Home > Controversy surrounds Brazilian dam project in Amazon (+video)

Controversy surrounds Brazilian dam project in Amazon (+video)

by Open-Publishing - Wednesday 21 May 2008
1 comment

Energy South/Latin America

english.aljazeera.net

Brazil Indians attack energy worker

Environmentalists say a new dam in the Amazon will displace nearly 15,000 local people [EPA]

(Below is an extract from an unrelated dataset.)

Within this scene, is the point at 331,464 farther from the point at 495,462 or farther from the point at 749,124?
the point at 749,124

Indians in Brazil’s Amazon region have attacked a delegate from the national power company when a heated meeting protesting a proposed dam exploded into anger.

An engineer with Brazil’s national electric company Eletrobras emerged from the gathering of local indigenous people and activists shirtless and bloody

About 1,000 Amazon Indians and environmentalists gathered in Altamira in the Amazon region on Tuesday to protest the proposed dam on the Xingu River.

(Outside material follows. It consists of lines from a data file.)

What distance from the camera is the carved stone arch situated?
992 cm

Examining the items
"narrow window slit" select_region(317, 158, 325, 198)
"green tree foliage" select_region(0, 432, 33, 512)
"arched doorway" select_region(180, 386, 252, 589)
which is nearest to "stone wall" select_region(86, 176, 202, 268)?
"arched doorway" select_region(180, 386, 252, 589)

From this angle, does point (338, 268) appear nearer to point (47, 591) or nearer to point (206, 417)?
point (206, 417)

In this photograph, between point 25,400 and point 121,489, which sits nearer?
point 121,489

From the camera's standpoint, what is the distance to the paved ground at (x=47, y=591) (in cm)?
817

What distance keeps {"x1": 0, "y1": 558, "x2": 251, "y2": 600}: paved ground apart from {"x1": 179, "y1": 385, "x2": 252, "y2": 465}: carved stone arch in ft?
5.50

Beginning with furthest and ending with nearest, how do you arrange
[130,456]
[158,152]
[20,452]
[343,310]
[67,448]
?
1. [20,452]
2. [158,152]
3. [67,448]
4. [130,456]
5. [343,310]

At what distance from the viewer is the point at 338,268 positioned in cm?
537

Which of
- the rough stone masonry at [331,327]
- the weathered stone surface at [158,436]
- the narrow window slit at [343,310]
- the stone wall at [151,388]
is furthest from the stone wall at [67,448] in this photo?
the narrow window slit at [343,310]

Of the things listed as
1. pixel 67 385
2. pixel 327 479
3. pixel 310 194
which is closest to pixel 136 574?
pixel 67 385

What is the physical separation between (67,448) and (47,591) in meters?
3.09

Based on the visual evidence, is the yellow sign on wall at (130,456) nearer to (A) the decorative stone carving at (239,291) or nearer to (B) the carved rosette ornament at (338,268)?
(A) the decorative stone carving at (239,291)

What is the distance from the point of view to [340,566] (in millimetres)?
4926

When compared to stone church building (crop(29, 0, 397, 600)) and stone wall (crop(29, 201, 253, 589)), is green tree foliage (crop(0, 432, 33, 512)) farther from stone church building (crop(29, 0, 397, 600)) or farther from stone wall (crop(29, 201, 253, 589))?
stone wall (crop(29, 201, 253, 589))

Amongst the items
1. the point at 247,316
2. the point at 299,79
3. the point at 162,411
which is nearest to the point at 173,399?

Environmentalists warn the dam could destroy the traditional fishing grounds of Indians living nearby and displace as many as 15,000 people.

Al Jazeera’s Gabriel Elizondo said that as the Eletrobras engineer spoke, participants booed while some complained his comments were antagonising and patronising.

After he sat down, tribal members surrounded him and began a ritualistic war dance.

The engineer, Paulo Fernando Rezende, was rushed out of the building after a melee formed and he fell from his chair.

It was not immediately clear whether Rezende was intentionally slashed or received a cut to the shoulder when he was surrounded and pushed to the floor.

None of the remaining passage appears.